### [Goal of the exercise]
Each entry should be set down exactly as written, except for any picture it holds.

Items from a dataset:
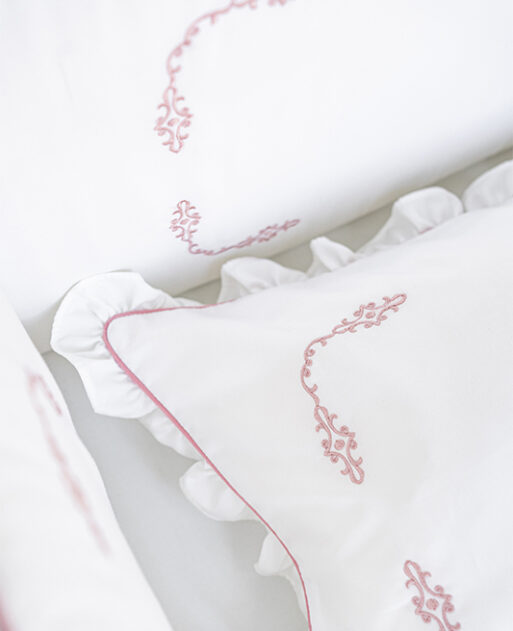 Baby Pillowcase "Vintage Blush" / ציפית לכרית תינוק - Image 2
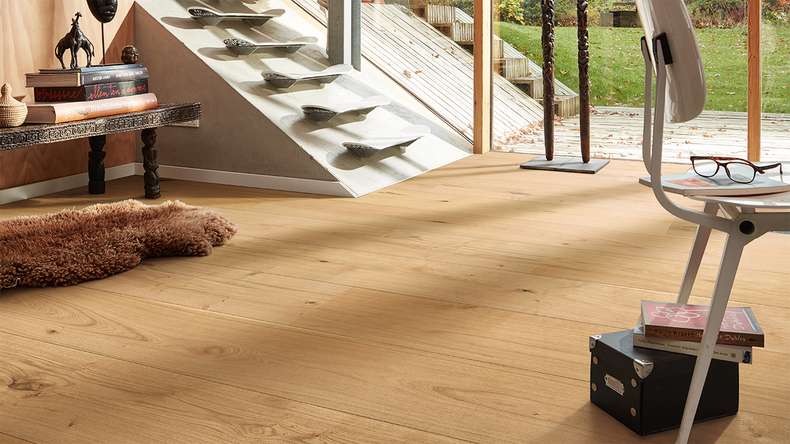 MEISTER Sol en bois Lindura HD 400 - 08915 Chêne authentique verni ultra mat 2200 x 205 x 11 mm (500214-2200205-08915)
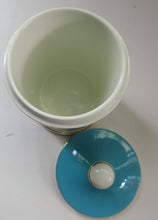 Load image into Gallery viewer, 1960s Portmeirion Blue Apothecary Pot. Dolphins Tea
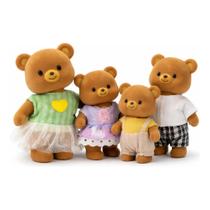 Coleção Casinha Feliz Família Urso Miniatura Zoop Toys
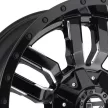Alloy Wheel 18x8 ET35 5x127/5x110 D596 Sledge Matte Black/Gloss Black Lip Fuel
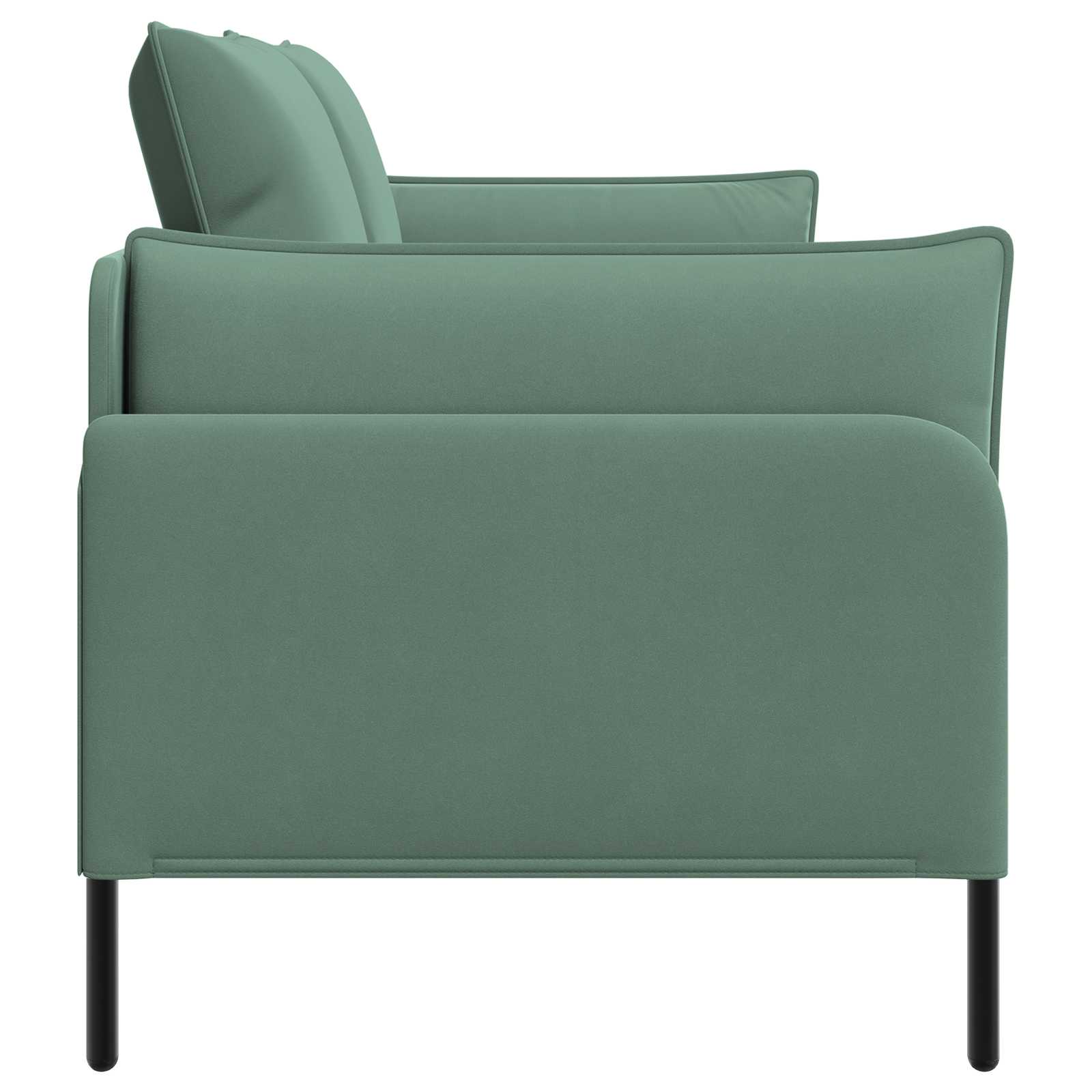 2-Zits Sofa Zeegroen 188 x 81 x 89 cm fluweel
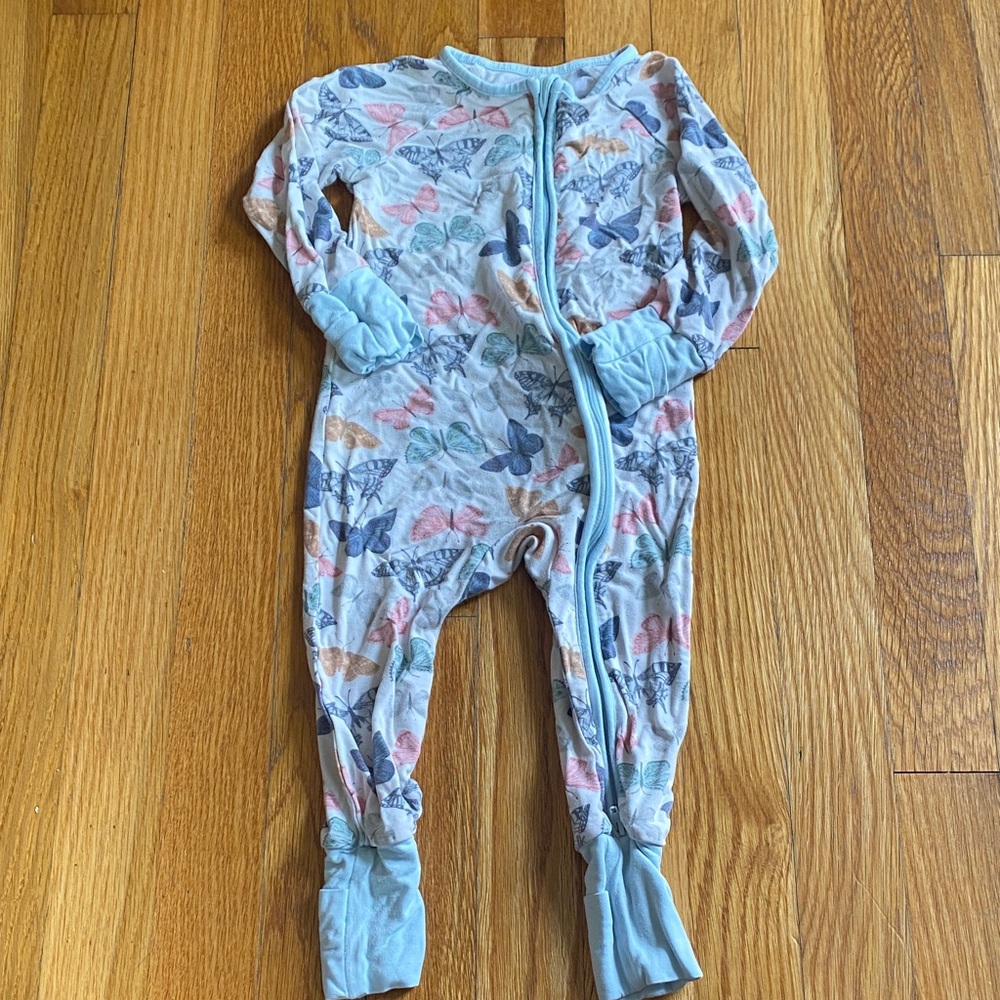 Caden Lane Butterfly Print Bamboo Pajamas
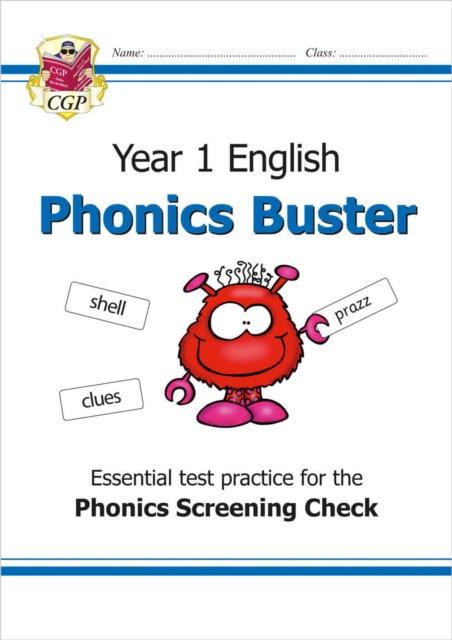Vorderes Coverbild KS1 English Phonics Buster - for the Phonics Screening Check in Year 1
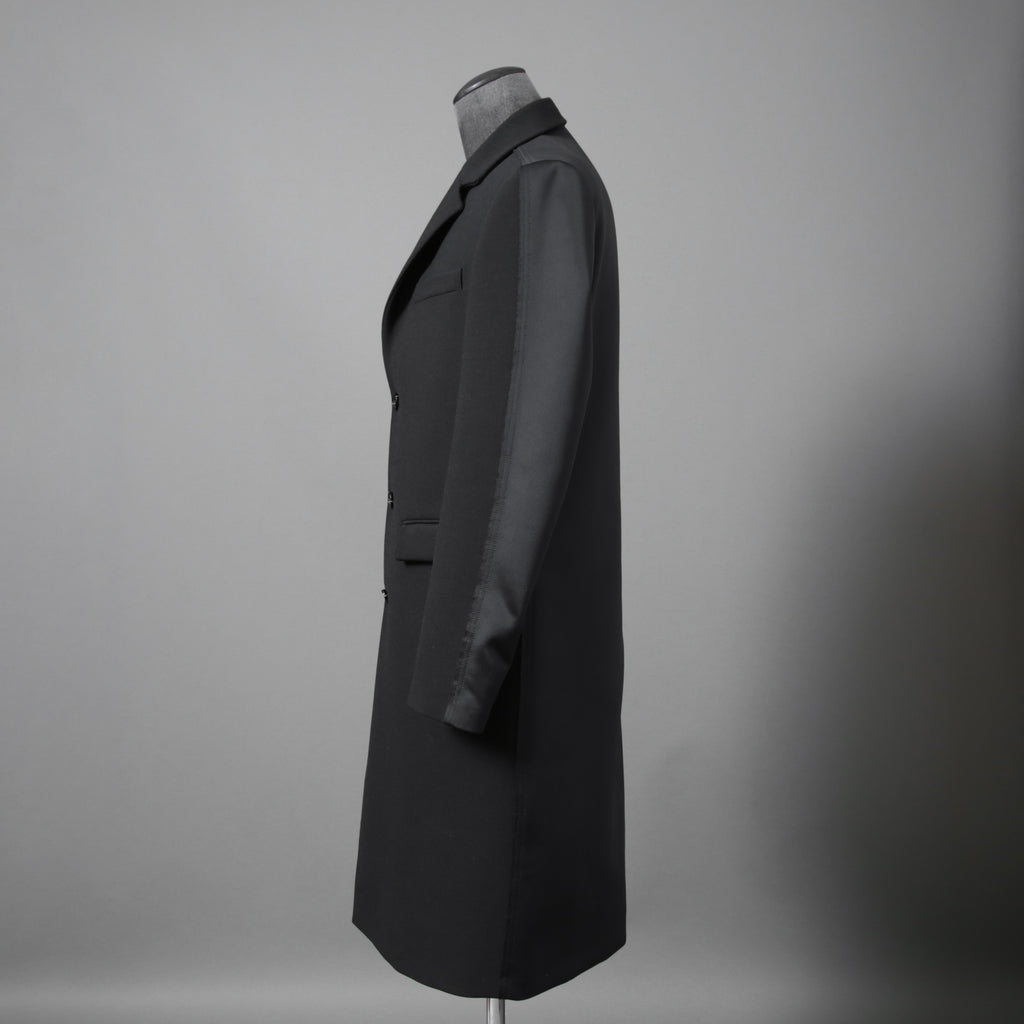 DIESELディーゼル / 22SS 美品 J-Deller チェスター コート / ウール混 部分コーティング/ size 44 (BLACK)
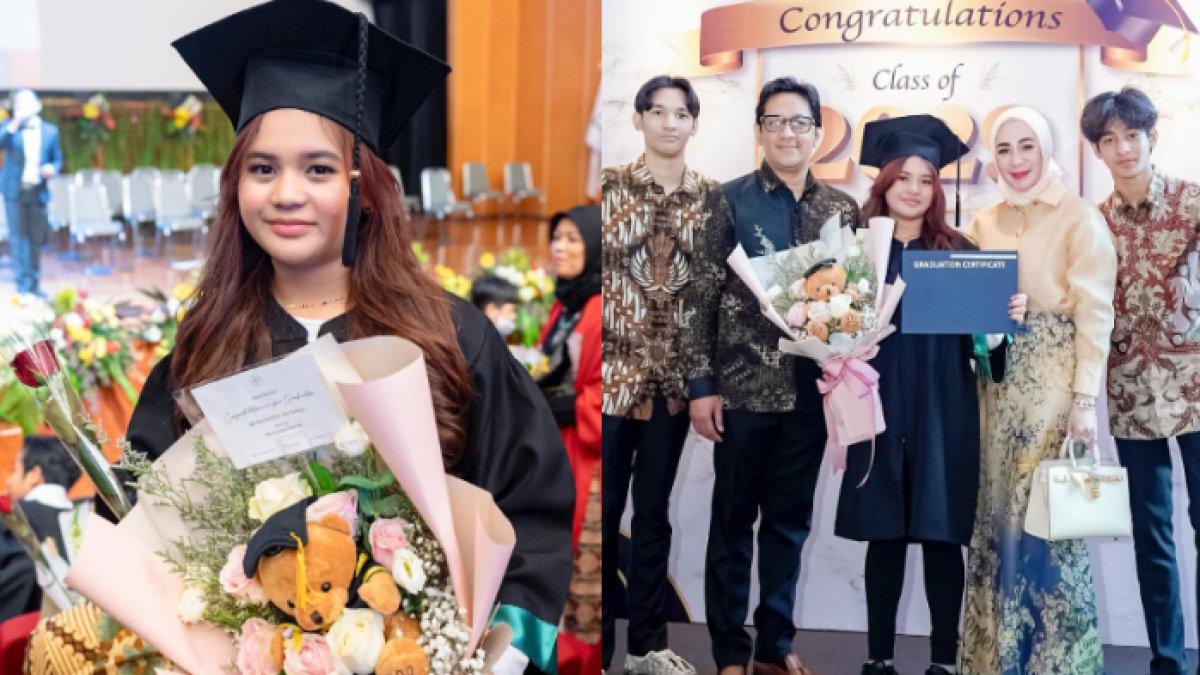 Arlova lulus SD pada 8 Juni 2023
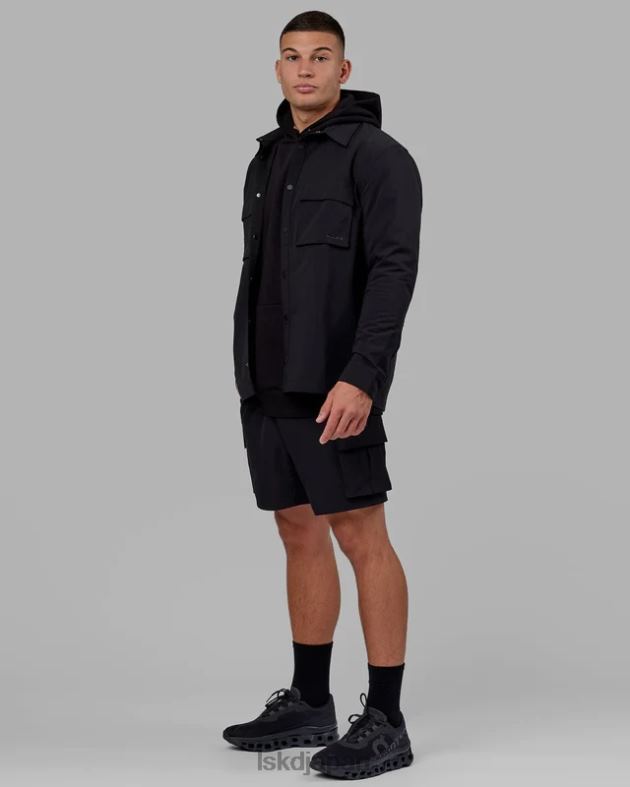 ユーティリティジャケット - ブラック LSKD ユニセックス 衣服 082HP474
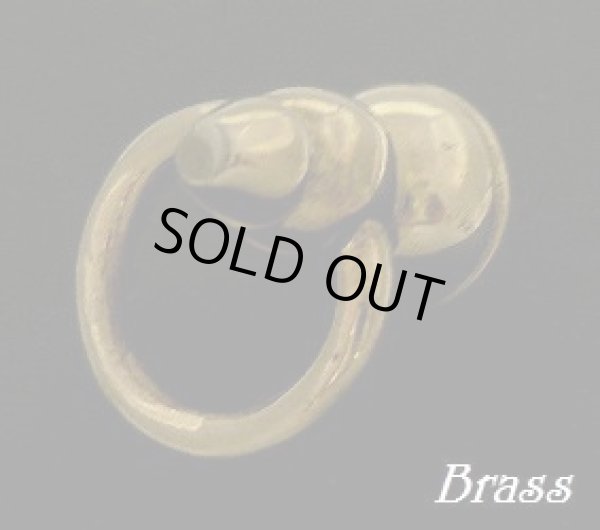 画像1: Brass丸カン ドロップハンドル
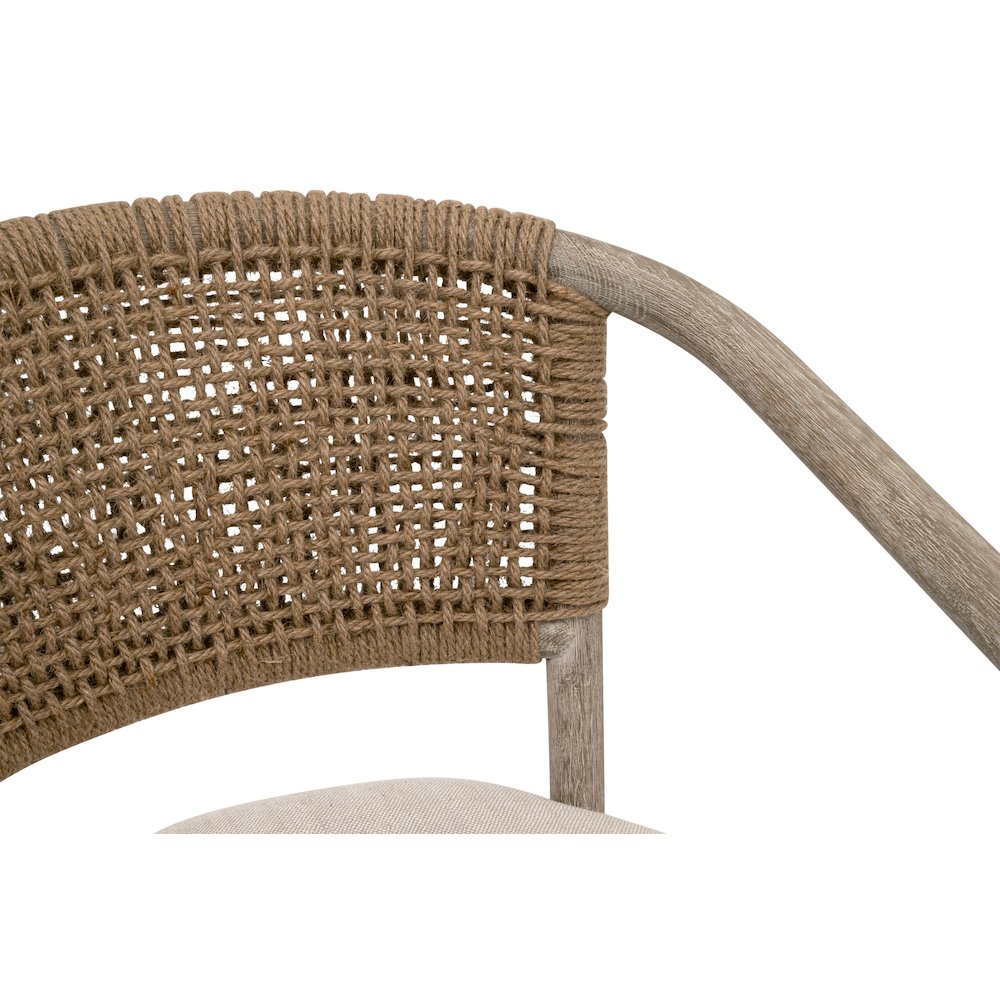 Transitional Juxtaposition Accent Chair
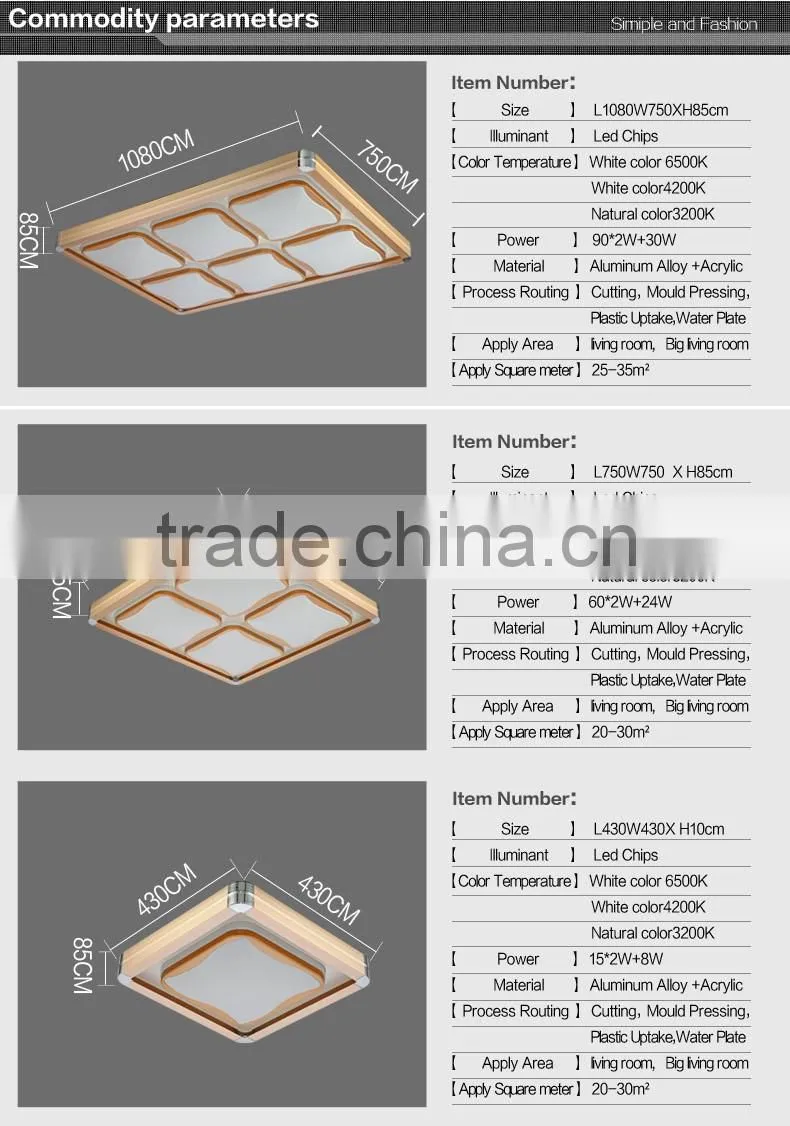 2016 new design led ceiling lamp contemporary ceiling lighting 30W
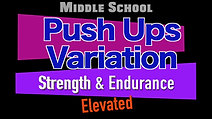 Strength and Endurance Elevated Modified Pushups N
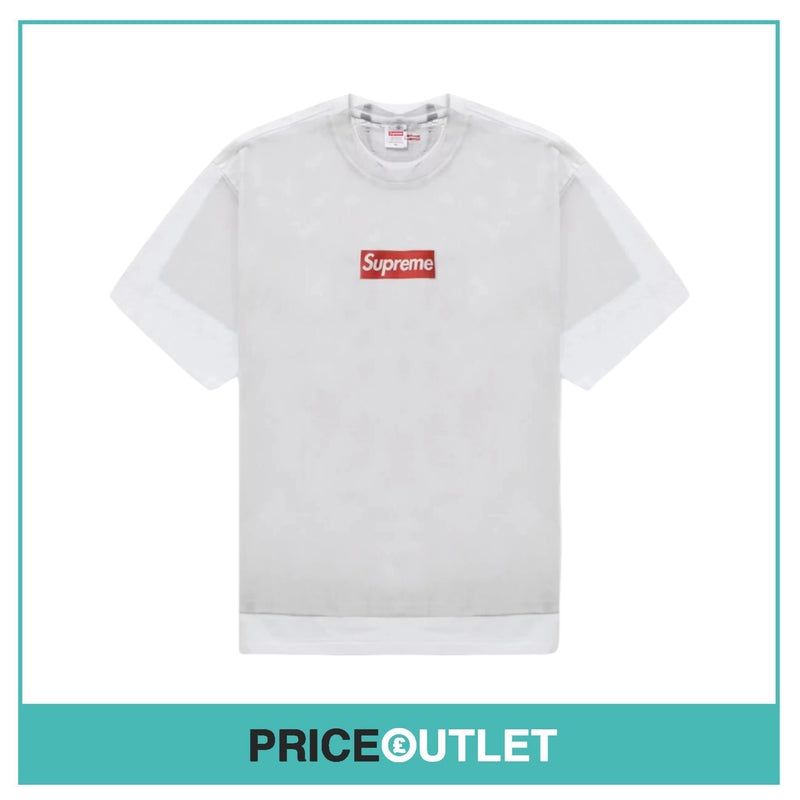 Supreme - MM6 Box Logo - Grey & White - Size M - BRAND NEW & SEALED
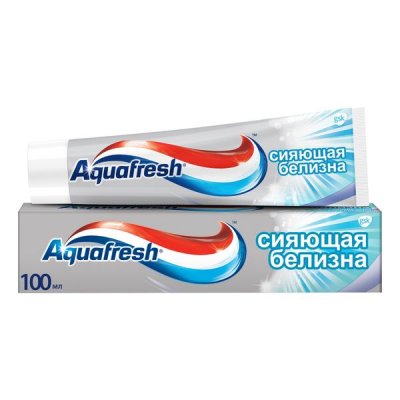 Купить аквафреш зубная паста сияющая белизна 100мл в Павлове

### [Solution to this task]
 Baby Pillowcase "Vintage Blush" / ציפית לכרית תינוק - Image 2
 MEISTER Sol en bois Lindura HD 400 - 08915 Chêne authentique verni ultra mat 2200 x 205 x 11 mm (500214-2200205-08915)
 Load image into Gallery viewer, 1960s Portmeirion Blue Apothecary Pot. Dolphins Tea
 Coleção Casinha Feliz Família Urso Miniatura Zoop Toys
Alloy Wheel 18x8 ET35 5x127/5x110 D596 Sledge Matte Black/Gloss Black Lip Fuel
 2-Zits Sofa Zeegroen 188 x 81 x 89 cm fluweel
 Caden Lane Butterfly Print Bamboo Pajamas
Vorderes Coverbild KS1 English Phonics Buster - for the Phonics Screening Check in Year 1
 DIESELディーゼル / 22SS 美品 J-Deller チェスター コート / ウール混 部分コーティング/ size 44 (BLACK)
 Arlova lulus SD pada 8 Juni 2023
 ユーティリティジャケット - ブラック LSKD ユニセックス 衣服 082HP474
 画像1: Brass丸カン ドロップハンドル
 Transitional Juxtaposition Accent Chair
 2016 new design led ceiling lamp contemporary ceiling lighting 30W
 Strength and Endurance Elevated Modified Pushups N
 Supreme - MM6 Box Logo - Grey & White - Size M - BRAND NEW & SEALED
 Купить аквафреш зубная паста сияющая белизна 100мл в Павлове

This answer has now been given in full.